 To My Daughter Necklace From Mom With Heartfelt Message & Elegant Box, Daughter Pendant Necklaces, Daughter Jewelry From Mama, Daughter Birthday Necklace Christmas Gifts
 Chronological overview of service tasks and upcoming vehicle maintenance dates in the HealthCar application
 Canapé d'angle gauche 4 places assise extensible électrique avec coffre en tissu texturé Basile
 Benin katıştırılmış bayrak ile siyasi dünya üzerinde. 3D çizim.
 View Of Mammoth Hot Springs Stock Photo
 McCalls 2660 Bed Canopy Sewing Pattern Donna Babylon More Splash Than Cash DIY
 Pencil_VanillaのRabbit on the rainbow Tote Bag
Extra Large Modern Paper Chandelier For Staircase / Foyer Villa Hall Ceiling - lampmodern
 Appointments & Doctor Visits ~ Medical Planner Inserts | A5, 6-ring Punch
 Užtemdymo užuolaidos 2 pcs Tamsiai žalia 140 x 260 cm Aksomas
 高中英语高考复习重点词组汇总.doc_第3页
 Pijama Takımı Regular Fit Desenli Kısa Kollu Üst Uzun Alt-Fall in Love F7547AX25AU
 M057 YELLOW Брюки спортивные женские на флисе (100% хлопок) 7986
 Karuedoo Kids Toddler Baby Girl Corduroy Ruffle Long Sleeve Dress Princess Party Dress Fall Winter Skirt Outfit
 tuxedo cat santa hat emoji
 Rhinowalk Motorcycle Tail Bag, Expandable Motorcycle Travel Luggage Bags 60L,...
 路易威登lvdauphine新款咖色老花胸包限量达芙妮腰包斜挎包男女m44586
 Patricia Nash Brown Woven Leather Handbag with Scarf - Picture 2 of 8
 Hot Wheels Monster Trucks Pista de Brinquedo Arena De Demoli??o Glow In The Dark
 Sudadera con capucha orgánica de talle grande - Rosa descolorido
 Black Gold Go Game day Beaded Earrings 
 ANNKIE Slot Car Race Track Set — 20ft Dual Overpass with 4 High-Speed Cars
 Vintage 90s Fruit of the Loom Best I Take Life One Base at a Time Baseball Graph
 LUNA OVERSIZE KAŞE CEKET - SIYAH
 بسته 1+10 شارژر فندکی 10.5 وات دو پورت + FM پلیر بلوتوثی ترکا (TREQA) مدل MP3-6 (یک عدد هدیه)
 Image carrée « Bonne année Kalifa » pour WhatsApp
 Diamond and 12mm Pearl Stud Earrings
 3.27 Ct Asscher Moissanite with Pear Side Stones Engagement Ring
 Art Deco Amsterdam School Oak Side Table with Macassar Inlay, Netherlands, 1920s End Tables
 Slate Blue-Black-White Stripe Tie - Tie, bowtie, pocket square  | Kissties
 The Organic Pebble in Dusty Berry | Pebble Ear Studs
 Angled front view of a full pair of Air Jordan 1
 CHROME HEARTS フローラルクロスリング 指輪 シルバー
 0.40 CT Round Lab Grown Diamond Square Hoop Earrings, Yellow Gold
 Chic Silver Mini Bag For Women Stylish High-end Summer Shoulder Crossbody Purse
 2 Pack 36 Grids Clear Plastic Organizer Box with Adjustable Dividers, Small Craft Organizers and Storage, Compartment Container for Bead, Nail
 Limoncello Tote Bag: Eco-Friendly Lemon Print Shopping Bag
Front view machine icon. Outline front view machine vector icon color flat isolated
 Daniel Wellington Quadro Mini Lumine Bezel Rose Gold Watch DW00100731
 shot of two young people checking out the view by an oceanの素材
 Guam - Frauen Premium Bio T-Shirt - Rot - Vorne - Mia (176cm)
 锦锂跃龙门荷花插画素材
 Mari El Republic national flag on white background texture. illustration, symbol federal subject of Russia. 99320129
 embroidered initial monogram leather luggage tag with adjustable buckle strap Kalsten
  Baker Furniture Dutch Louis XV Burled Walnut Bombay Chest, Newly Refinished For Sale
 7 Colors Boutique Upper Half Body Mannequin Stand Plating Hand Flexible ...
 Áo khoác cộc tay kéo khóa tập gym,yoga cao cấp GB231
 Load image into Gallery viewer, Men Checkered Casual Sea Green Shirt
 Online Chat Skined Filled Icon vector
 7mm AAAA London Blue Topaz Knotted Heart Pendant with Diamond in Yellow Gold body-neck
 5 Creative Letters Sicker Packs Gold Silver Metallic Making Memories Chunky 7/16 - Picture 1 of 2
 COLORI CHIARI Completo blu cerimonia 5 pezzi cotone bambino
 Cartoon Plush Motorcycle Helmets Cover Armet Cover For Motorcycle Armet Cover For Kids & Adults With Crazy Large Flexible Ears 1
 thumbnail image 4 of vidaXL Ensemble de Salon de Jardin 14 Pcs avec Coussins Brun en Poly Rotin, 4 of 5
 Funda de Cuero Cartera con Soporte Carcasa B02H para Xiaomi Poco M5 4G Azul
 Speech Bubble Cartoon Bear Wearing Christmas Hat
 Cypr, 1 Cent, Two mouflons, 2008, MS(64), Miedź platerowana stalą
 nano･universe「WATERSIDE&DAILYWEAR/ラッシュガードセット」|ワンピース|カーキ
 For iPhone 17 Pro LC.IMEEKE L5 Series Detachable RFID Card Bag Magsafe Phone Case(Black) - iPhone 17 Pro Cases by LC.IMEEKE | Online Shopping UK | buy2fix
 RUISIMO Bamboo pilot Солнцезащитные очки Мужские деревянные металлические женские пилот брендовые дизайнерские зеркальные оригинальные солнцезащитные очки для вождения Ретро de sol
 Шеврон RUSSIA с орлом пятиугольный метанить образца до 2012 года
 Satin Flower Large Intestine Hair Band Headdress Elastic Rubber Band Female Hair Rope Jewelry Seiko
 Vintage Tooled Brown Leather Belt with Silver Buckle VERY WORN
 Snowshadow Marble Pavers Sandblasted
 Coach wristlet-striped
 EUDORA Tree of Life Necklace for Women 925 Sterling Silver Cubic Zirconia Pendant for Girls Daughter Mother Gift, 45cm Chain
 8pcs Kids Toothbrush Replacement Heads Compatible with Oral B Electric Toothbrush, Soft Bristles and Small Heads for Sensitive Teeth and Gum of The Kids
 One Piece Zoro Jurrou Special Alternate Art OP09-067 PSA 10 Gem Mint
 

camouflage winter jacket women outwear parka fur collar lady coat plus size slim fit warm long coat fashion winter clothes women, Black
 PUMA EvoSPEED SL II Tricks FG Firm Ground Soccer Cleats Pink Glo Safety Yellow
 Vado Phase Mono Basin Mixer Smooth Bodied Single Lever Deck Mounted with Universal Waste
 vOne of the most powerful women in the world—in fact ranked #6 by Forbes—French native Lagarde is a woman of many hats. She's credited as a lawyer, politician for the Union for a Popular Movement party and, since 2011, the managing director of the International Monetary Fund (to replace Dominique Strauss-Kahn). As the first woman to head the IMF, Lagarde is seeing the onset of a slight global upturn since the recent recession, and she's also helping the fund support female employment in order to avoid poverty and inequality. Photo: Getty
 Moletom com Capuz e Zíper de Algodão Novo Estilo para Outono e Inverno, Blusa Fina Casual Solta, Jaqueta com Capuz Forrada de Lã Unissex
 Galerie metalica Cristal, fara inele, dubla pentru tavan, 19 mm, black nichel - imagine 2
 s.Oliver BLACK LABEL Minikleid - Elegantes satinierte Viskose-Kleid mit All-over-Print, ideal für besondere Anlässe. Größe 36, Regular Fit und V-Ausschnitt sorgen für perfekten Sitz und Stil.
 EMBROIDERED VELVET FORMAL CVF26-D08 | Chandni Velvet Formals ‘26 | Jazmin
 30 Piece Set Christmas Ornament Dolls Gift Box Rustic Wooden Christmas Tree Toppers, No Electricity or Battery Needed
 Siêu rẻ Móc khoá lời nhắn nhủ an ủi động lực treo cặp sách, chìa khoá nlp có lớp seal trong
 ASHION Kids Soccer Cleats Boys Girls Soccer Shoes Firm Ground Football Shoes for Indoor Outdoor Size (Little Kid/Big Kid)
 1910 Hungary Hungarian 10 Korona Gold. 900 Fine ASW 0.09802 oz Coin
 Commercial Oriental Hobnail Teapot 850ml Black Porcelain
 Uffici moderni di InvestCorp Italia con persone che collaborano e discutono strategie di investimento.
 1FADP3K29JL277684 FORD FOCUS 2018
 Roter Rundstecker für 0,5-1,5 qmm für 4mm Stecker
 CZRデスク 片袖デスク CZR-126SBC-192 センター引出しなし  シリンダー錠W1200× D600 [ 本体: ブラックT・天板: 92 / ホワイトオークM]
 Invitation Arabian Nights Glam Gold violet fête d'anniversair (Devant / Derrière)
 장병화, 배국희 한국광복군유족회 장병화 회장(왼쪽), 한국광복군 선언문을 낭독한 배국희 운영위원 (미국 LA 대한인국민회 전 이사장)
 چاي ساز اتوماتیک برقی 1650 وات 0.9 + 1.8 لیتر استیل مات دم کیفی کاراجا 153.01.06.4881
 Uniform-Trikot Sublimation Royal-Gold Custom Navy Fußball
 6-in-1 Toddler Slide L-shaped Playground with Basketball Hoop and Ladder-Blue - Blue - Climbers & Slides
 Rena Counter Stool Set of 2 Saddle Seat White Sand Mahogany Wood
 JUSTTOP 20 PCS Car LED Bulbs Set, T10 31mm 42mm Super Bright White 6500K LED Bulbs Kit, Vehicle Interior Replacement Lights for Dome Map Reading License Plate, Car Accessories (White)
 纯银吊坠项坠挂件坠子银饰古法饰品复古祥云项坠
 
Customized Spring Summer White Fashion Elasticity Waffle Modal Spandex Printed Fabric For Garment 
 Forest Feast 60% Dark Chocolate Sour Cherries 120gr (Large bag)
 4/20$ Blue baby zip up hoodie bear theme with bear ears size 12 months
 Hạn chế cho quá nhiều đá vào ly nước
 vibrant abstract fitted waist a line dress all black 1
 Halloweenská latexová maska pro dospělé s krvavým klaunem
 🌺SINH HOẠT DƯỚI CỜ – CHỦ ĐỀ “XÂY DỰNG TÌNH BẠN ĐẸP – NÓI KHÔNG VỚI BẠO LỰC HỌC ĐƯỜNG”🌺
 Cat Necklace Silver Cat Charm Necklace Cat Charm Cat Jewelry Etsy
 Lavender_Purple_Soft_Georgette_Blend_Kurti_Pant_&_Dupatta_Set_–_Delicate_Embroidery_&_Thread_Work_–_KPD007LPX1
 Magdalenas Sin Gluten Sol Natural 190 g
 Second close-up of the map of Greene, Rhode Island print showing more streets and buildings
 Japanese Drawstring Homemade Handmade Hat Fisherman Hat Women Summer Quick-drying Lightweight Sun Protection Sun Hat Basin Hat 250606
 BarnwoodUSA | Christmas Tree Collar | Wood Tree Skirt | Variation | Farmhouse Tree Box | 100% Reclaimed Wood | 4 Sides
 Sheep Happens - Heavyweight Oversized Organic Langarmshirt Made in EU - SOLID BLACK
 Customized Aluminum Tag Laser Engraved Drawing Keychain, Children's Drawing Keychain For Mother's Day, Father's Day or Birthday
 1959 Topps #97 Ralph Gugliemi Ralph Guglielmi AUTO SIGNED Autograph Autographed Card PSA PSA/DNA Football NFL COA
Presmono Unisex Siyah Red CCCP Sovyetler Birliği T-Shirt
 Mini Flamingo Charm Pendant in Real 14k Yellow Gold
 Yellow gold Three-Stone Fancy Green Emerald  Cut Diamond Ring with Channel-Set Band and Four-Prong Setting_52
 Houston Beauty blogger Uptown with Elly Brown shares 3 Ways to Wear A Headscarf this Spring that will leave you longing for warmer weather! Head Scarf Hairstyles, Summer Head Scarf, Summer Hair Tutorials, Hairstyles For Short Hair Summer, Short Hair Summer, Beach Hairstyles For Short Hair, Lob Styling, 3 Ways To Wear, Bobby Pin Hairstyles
####################
Both the first line of the data above and the line with "路易威登lvdauphine" must be included; please return exactly those lines and the ones between them.

 To My Daughter Necklace From Mom With Heartfelt Message & Elegant Box, Daughter Pendant Necklaces, Daughter Jewelry From Mama, Daughter Birthday Necklace Christmas Gifts
 Chronological overview of service tasks and upcoming vehicle maintenance dates in the HealthCar application
 Canapé d'angle gauche 4 places assise extensible électrique avec coffre en tissu texturé Basile
 Benin katıştırılmış bayrak ile siyasi dünya üzerinde. 3D çizim.
 View Of Mammoth Hot Springs Stock Photo
 McCalls 2660 Bed Canopy Sewing Pattern Donna Babylon More Splash Than Cash DIY
 Pencil_VanillaのRabbit on the rainbow Tote Bag
Extra Large Modern Paper Chandelier For Staircase / Foyer Villa Hall Ceiling - lampmodern
 Appointments & Doctor Visits ~ Medical Planner Inserts | A5, 6-ring Punch
 Užtemdymo užuolaidos 2 pcs Tamsiai žalia 140 x 260 cm Aksomas
 高中英语高考复习重点词组汇总.doc_第3页
 Pijama Takımı Regular Fit Desenli Kısa Kollu Üst Uzun Alt-Fall in Love F7547AX25AU
 M057 YELLOW Брюки спортивные женские на флисе (100% хлопок) 7986
 Karuedoo Kids Toddler Baby Girl Corduroy Ruffle Long Sleeve Dress Princess Party Dress Fall Winter Skirt Outfit
 tuxedo cat santa hat emoji
 Rhinowalk Motorcycle Tail Bag, Expandable Motorcycle Travel Luggage Bags 60L,...
 路易威登lvdauphine新款咖色老花胸包限量达芙妮腰包斜挎包男女m44586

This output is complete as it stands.